* _Aim of the task_
An exact restatement of the entire listing is needed, excluding all images.

* _Data below_
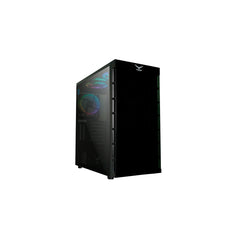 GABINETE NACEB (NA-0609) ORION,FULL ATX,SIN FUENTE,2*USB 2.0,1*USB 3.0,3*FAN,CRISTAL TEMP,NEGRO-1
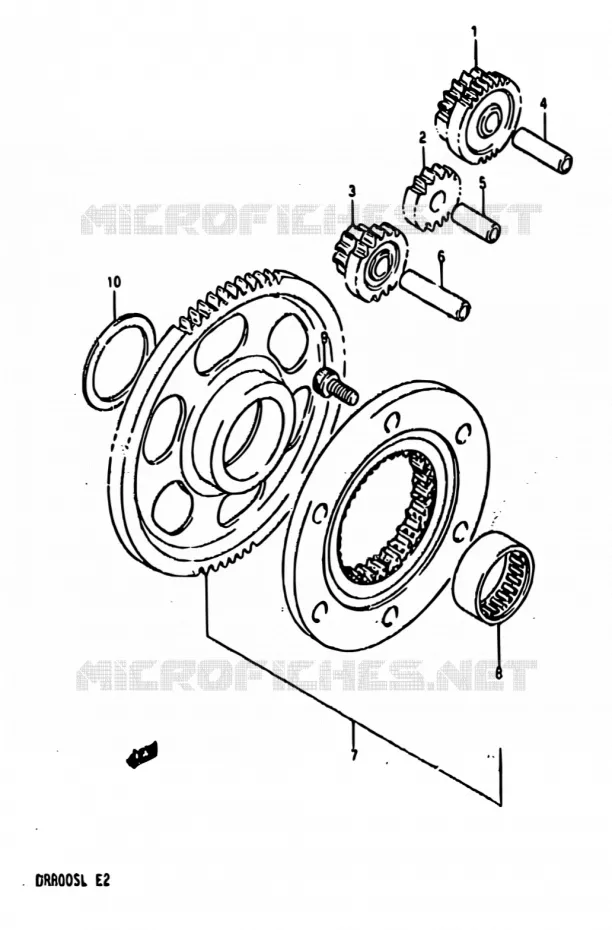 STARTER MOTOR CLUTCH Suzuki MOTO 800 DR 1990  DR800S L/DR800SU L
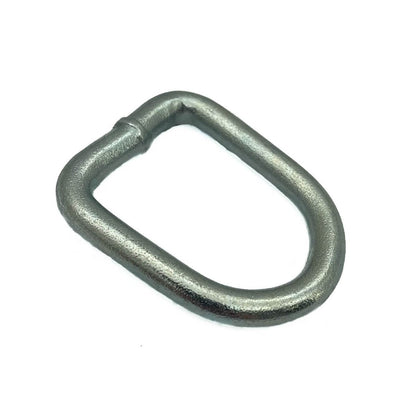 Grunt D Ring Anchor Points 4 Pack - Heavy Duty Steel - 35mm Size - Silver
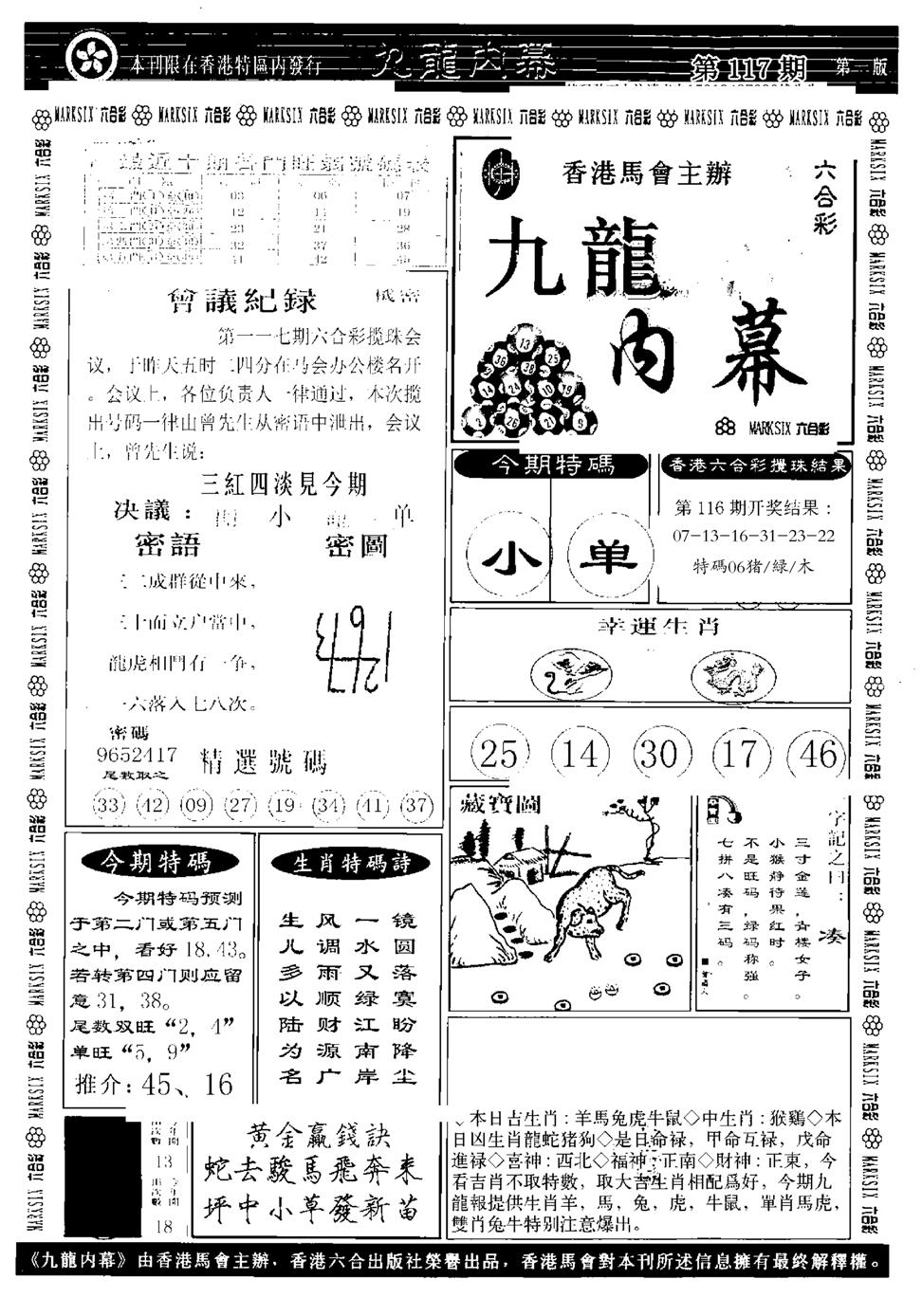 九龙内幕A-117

* _Exercise answer_
 GABINETE NACEB (NA-0609) ORION,FULL ATX,SIN FUENTE,2*USB 2.0,1*USB 3.0,3*FAN,CRISTAL TEMP,NEGRO-1
 STARTER MOTOR CLUTCH Suzuki MOTO 800 DR 1990  DR800S L/DR800SU L
 Grunt D Ring Anchor Points 4 Pack - Heavy Duty Steel - 35mm Size - Silver
 九龙内幕A-117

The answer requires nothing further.